Fathom Holdings Inc.

11/12/2024 | Press release | Distributed by Public on 11/12/2024 09:18

Initial Registration Statement for Employee Benefit Plan Form S 8

As filed with the Securities and Exchange Commission on November 12, 2024

Registration Statement No. 333-

UNITED STATES

SECURITIES AND EXCHANGE COMMISSION

WASHINGTON, DC 20549

FORM S-8

REGISTRATION STATEMENT

UNDER THE SECURITIES ACT OF 1933

FATHOM HOLDINGS INC.

(Exact name of registrant as specified in its charter)

North Carolina 82-1518164
(State or Other Jurisdiction of Incorporation or Organization) (I.R.S. Employer Identification No.)

2000 Regency Parkway Drive, Suite 300

Cary, North Carolina, 27518

(Address of principal executive offices) (Zip Code)

Fathom Holdings Inc. 2019 Omnibus Stock Incentive Plan, as amended

(Full title of the plan)

Marco Fregenal

Chief Executive Officer

2000 Regency Parkway Drive, Suite 300

Cary, North Carolina, 27518

Telephone: (888) 455-6040

(Name and address of agent for service) (Telephone number, including area code, of agent for service)

Copies to:

Andrew J. Gibbons, Esq.

Wyrick Robbins Yates & Ponton LLP

4101 Lake Boone Trail, Suite 300

Raleigh, North Carolina 27607

(919) 781-4000

Indicate by check mark whether the registrant is a large accelerated filer, an accelerated filer, a non-accelerated filer, a smaller reporting company or an emerging growth company. See the definitions of "large accelerated filer," "accelerated filer," "smaller reporting company," and "emerging growth company" in Rule 12b-2 of the Exchange Act.
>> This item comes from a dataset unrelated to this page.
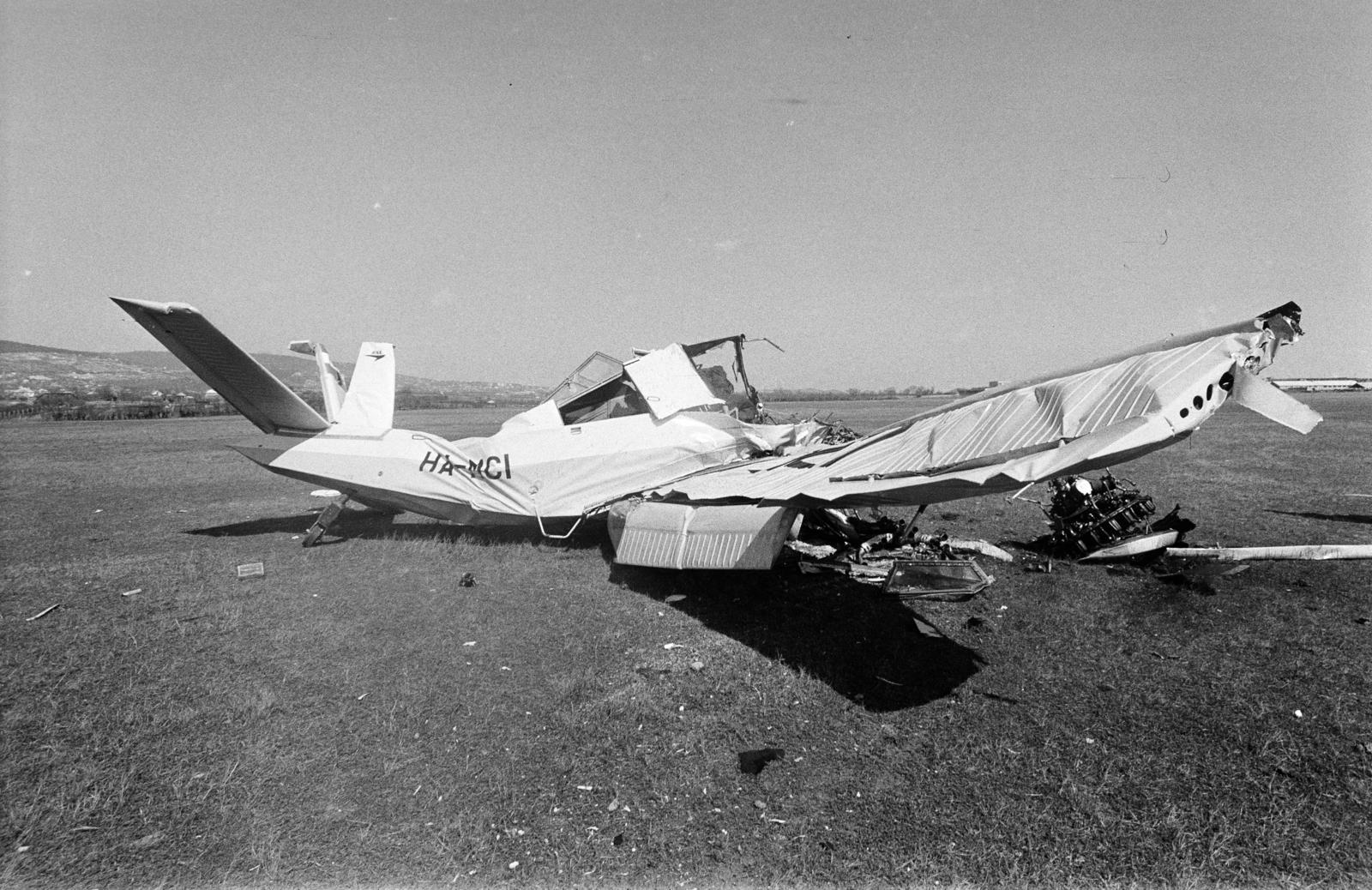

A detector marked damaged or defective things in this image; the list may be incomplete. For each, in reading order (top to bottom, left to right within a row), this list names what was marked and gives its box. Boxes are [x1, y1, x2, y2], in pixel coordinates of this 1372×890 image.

Large accelerated filer ¨ Accelerated filer ¨
Non-accelerated filer x Smaller reporting company x
Emerging growth company x

If an emerging growth company, indicate by check mark if the registrant has elected not to use the extended transition period for complying with any new or revised financial accounting standards provided pursuant to Section 7(a)(2)(B) of the Securities Act. x

EXPLANATORY NOTE

This Registration Statement is being filed by the Registrant to register an additional 1,600,000 shares of Common Stock, securities of the same class for which a Registration Statement on Form S-8 relating to the 2019 Omnibus Incentive Stock Plan, as amended (the "2019 Stock Plan") is effective. Accordingly, the contents of the previous Registration Statements on Forms S-8 filed by the Registrant with the Securities and Exchange Commission (the "Commission") on August 21, 2020 (File No. 333-248234), June 15, 2022 (File No. 333-265625) and September 14, 2023 (File No. 333-274517) (the "Previous Registration Statements"), including periodic reports filed after the Previous Registration Statements on Forms S-8 to maintain current information about the Registrant, are incorporated by reference into this Registration Statement pursuant to General Instruction E of Form S-8.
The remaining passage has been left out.